The grouped data with \(n = 7\):

Number of trips Size Council tax band Car \(m_i\) \(y_i\) \(\phi_i\)
{3, 2} 1 C 1 2 2.5 1/2
{1, 2} 2 B 0 2 1.5 1/2
{1, 1, 2} 1 A 0 3 1.33 1/3
{3, 2} 4 B 0 2 2.5 1/2
{4} 3 C 1 1 4 1
{2} 3 C 0 1 2 1
{3} 4 C 1 1 3 1

10.2 Chapter 2

Question 1b

Question 2

  1. This link function tries to capture \(E[y_i] = \mu_i = (\boldsymbol{\beta}^T \boldsymbol{x}_i)^2\).
  2. \(\displaystyle S(\boldsymbol{\beta}) = \frac{2}{\sigma^2} \sum_i \left( y_i - (\boldsymbol{\beta}^T \boldsymbol{x}_i)^2 \right) (\boldsymbol{\beta}^T \boldsymbol{x}_i) \boldsymbol{x}_i\).

Question 3

  1. First we identify the EDF components. An exponential distribution is an EDF with \(\phi = 1\), \(\theta = -\lambda\), and \(b(\theta) = -\ln(-\theta)\).
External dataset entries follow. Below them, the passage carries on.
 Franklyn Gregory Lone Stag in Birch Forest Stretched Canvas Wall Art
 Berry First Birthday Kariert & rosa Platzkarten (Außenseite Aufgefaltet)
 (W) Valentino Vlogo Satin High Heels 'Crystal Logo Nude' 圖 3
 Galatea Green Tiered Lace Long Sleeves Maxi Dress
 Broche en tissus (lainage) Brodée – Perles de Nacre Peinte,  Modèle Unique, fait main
This gives \(\mu = -1/\theta = 1/\lambda\) and \(\text{Var}[y] = 1/\theta^{2} = \mu^{2}\) as expected. Recall that \(\text{Var}[y] = \phi \;\mathcal{V}(\mu)\), defining \(\mathcal{V}\). The response function \(h\) is \(\mu = h(\eta) = e^{\eta}\), so that \(\mathcal{V}(\mu) = \mu^{2} = e^{2\eta}\). Putting all this together in the standard formula gives

\[ S(\boldsymbol{\beta}) = \sum_i (y_i - e^{\boldsymbol{\beta}^T \boldsymbol{x}_i}) \;e^{-2 \boldsymbol{\beta}^T \boldsymbol{x}_i} \;e^{\boldsymbol{\beta}^T \boldsymbol{x}_i} \boldsymbol{x}_i = \sum_i \Biggl( {y_i \over e^{\boldsymbol{\beta}^T \boldsymbol{x}_i}} - 1 \Biggr) \boldsymbol{x}_i. \]

  1. Differentiating gives

\[ F_{\text{obs}}(\boldsymbol{\beta}) = -{\partial S\over \partial\boldsymbol{\beta}} = \sum_i {y_i \over e^{\boldsymbol{\beta}^T \boldsymbol{x}_i}} \;\boldsymbol{x}_{i} \boldsymbol{x}_{i}^{T}. \]

  1. Expectation will only act on the \(y_i\) in each term, giving \(\mu_i\), so

\[ F(\boldsymbol{\beta}) = \sum_i {\mu_i \over e^{\boldsymbol{\beta}^T \boldsymbol{x}_i}} \;\boldsymbol{x}_i \boldsymbol{x}_i^T = \sum_i \boldsymbol{x}_i \boldsymbol{x}_i^T. \]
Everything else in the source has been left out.